- [TASK INSTRUCTIONS]:
Every line of the material is to be transcribed verbatim, with images omitted.

- [SUPPLIED DATA]:

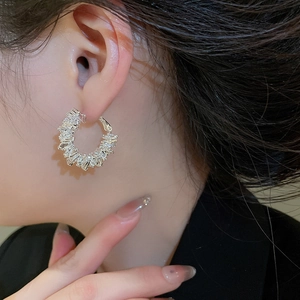 Detail view of silver hoop earrings with alternating rectangular and round cubic zirconia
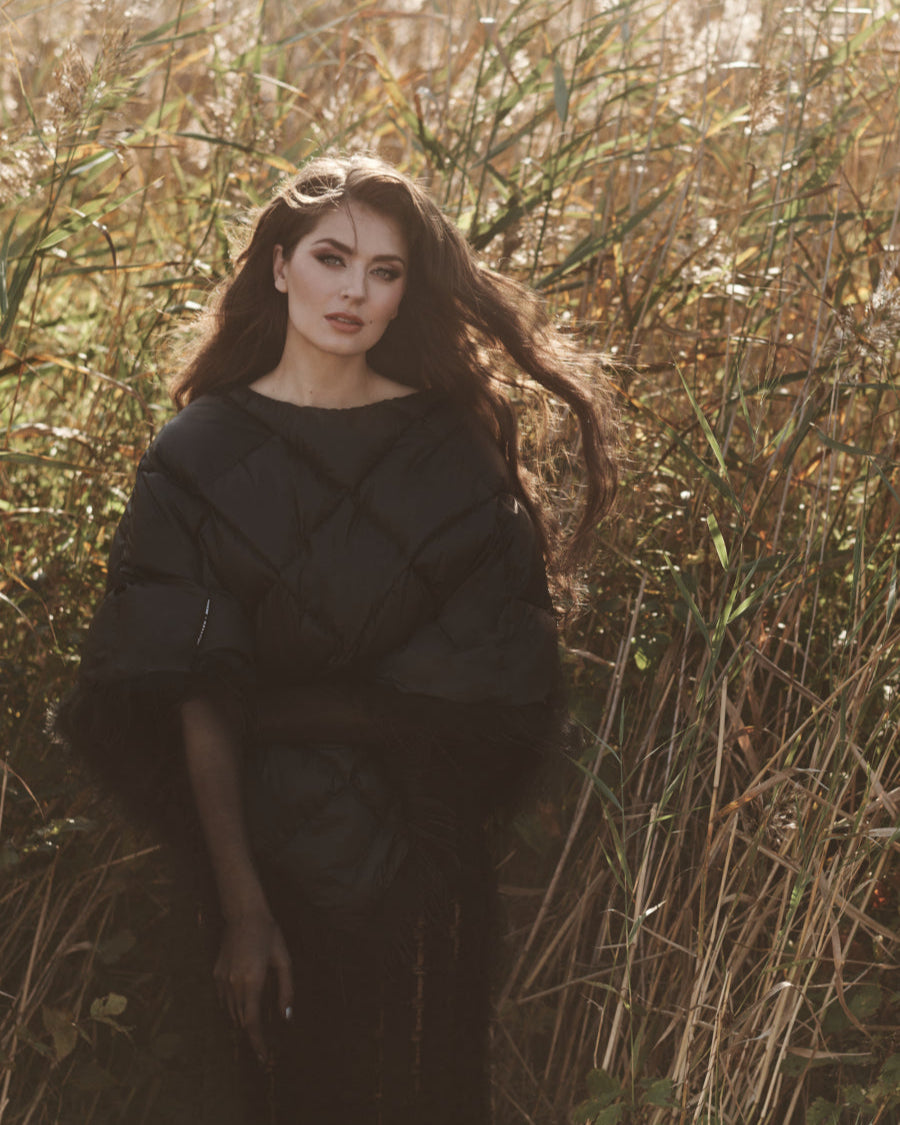 Nainen seisoo korkeassa heinikkossa yllään musta Lumous-untuvaponcho, jossa on kiiltävä pinta, vinot timanttikuviot ja helmassa kevyt höyhenkoristelu. Hänen hiuksensa hulmuavat kevyessä tuulessa.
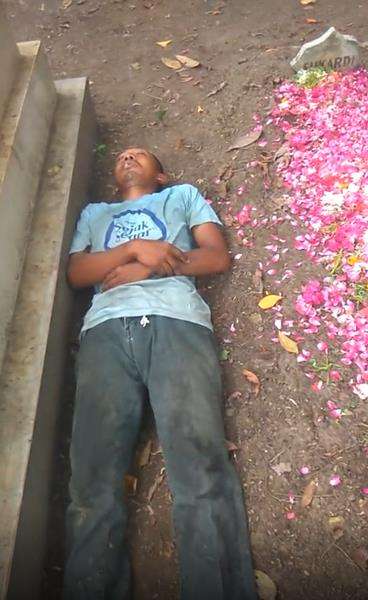 Aksi nyeleneh pria tidur di samping kuburan.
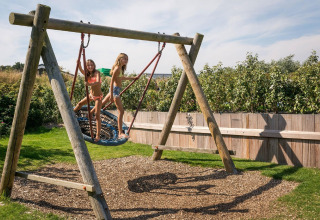 To børn leger på en stor redegynge på legepladsen ved Holiday Park Loodsmansduin i Holland.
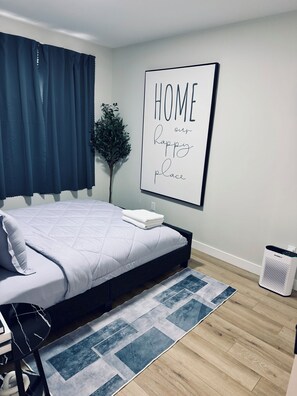 Una cama bien hecha con edredón blanco y almohadas, una alfombra estampada en azul y blanco, un cartel enmarcado en la pared y una pequeña planta en maceta.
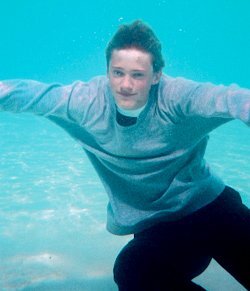 Swimming underwater in baggy sweatshirt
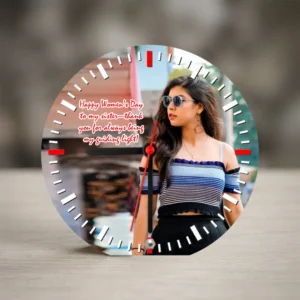 A round-shaped MDF clock from upahar18 standing on a wooden table, featuring a printed custom photo of a woman in sunglasses alongside a colorful Women's Day greeting.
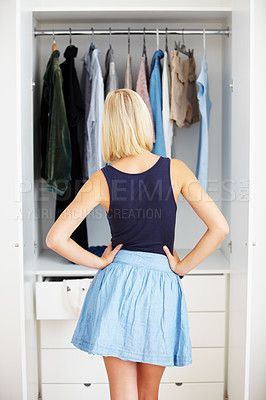 Buy stock photo Back, woman and wardrobe for clothes choice, fashion option and storage decision in home or house. Rear view, girl and closet for clothing, selection and person thinking of outfit at shelf in bedroom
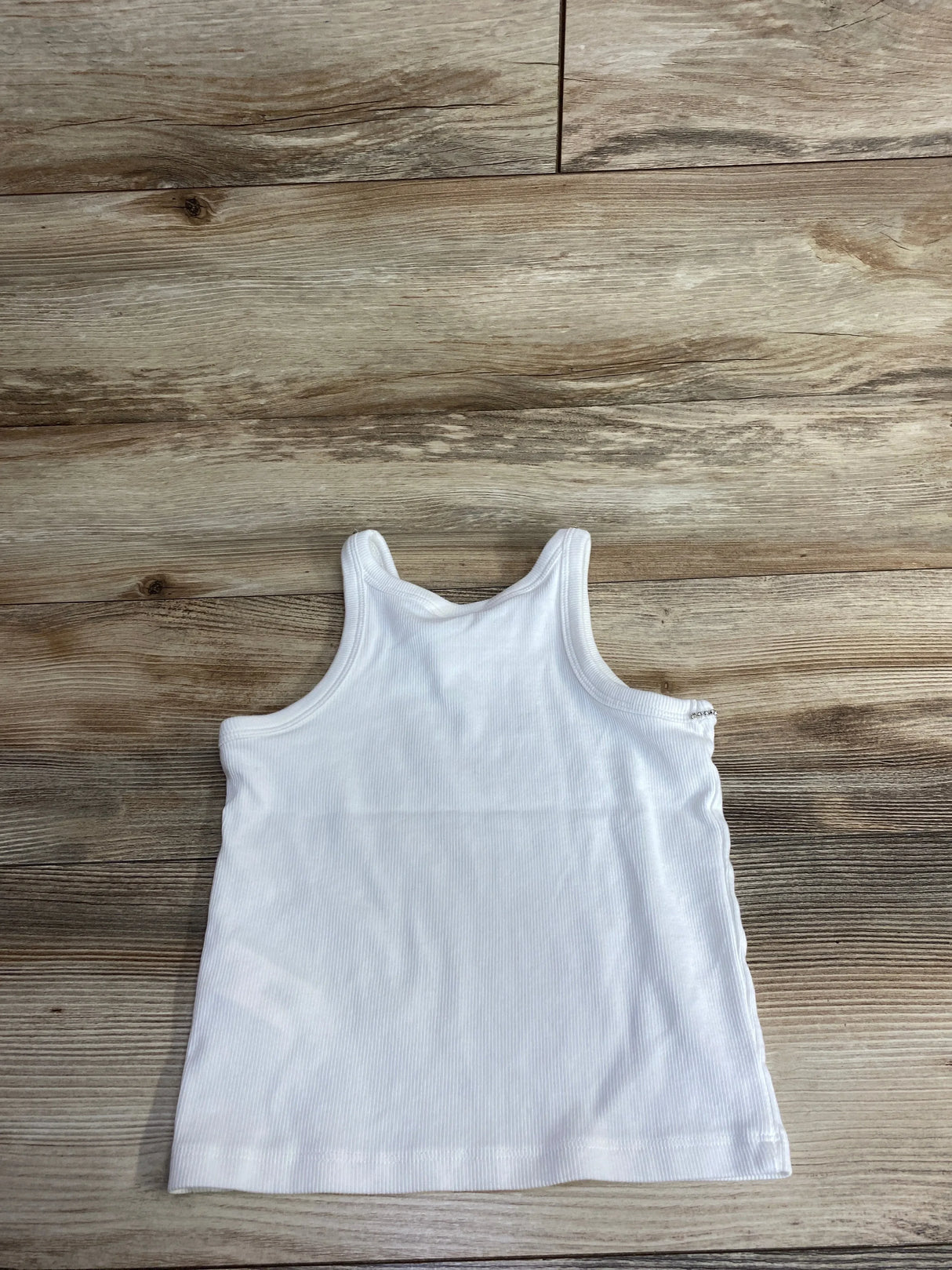 White ribbed sleeveless toddler tank top on wooden floor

- [REPLY]:
 Detail view of silver hoop earrings with alternating rectangular and round cubic zirconia
 Nainen seisoo korkeassa heinikkossa yllään musta Lumous-untuvaponcho, jossa on kiiltävä pinta, vinot timanttikuviot ja helmassa kevyt höyhenkoristelu. Hänen hiuksensa hulmuavat kevyessä tuulessa.
 Aksi nyeleneh pria tidur di samping kuburan.
 To børn leger på en stor redegynge på legepladsen ved Holiday Park Loodsmansduin i Holland.
 Una cama bien hecha con edredón blanco y almohadas, una alfombra estampada en azul y blanco, un cartel enmarcado en la pared y una pequeña planta en maceta.
 Swimming underwater in baggy sweatshirt
 A round-shaped MDF clock from upahar18 standing on a wooden table, featuring a printed custom photo of a woman in sunglasses alongside a colorful Women's Day greeting.
 Buy stock photo Back, woman and wardrobe for clothes choice, fashion option and storage decision in home or house. Rear view, girl and closet for clothing, selection and person thinking of outfit at shelf in bedroom
 White ribbed sleeveless toddler tank top on wooden floor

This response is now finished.